You downloaded songs off Limewire, and your playlist consisted of The Audition, Taking Back Sunday, Hawthorne Heights, and Fall Out Boy. Tight skinny jeans that left no room for you to breathe in, arms decorated with colorful bracelets, black eyeliner and straight hair a part of your uniform.

This is where Underoath comes into play.

The band – who recently reunited and is currently on tour – drew many to relive 2004’s They’re Only Chasing Safety, released through Tooth & Nail Records.

Lead singer Spencer Chamberlain paved the way for audience members to mimic his screams. Often, he would yell into the mic and pace back and forth onstage. His movements were so certain that this, this moment, this was the revival for Underoath.

While Juliette Lewis and The Licks and Andrew W.K. brought out a set of rockers who just wanted to let loose, head bang, and throw their middle fingers in the air, Rob Zombie attracted a crowd of heavy metalheads who didn’t dare to take their eyes off of him. His followers are completely devoted to him, especially as the stage catered to Zombie’s style that marries horror and his sick, twisted sense of humor.
-Amanda Tugade

While Riot Fest may have evolved in its 11 year’s of existence, at its core it is still a punk rock festival. You don’t name your festival after a core punk belief for nothing. And on Sunday, the lineup seemed to be the festival getting back to its roots. Swingin’ Utters, The Falcon, The Wonder Years, Tiger Army, Me First and the Gimme Gimmes, and Bad Religion had all played the festival in some fashion over its 11-year history. Some veteran punk bands put on stellar sets, but it was some first-timers that may have inexplicably sold the show.

If you were to engineer a prototypical Riot Fest band, chances are you would end up with Leftöver Crack. The New York-based punk stalwarts have been described in some different ways throughout their illustrious career; skacore, crust punk, punk metal…the subgenres are endless. For a band that had been inactive for a long time and discusses police brutality, the group could draw a crowd. Their setlist was a non-stop thrash session equal parts punk, heavy metal, and even a little bit of ska thrown in, with lead singer Scott Sturgeon aka Stza Crack vocals being so piercing they could cut through the crowd. And a special shout out should be given to Kate Coysh, who vocal performance may have given Stza a run for his money.

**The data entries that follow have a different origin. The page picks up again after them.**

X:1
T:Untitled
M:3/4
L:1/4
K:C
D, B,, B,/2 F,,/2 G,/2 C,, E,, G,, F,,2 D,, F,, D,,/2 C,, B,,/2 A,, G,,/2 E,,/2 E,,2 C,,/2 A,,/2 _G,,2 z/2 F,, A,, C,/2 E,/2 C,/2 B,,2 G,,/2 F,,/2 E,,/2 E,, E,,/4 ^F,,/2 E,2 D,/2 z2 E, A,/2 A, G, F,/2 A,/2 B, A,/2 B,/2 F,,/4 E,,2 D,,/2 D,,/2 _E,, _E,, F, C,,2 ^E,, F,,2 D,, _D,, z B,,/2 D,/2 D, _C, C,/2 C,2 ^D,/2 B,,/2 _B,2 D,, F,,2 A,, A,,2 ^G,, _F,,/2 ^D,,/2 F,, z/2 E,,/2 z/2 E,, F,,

While much of Sunday’s attention was reserved for the Misfits – blink and chances you would have seen someone rocking a Misfits skull t-shirt – their headline spot may have been taken by the and that went on before them. Don’t get me wrong, seeing Glenn, Jerry, and Doyle back together reaffirmed that my three Misfits albums I owned in high school were not a wasted investment, however, something about their set was a bit underwhelming. It may have been high expectations or Glenn Danzig’s odd bodysuit; the horror punks were a bit upstaged by by the band that went on before them, the Deftones. The group, led by the transfixing performance by lead singer Chino Moreno, had an eclectic setlist that contained new bangers from their recent album Gore and some classics from the group.

Sunday capped off a whirlwind of a weekend, with punks both old and new finding sets that were perfect to their sensibilities.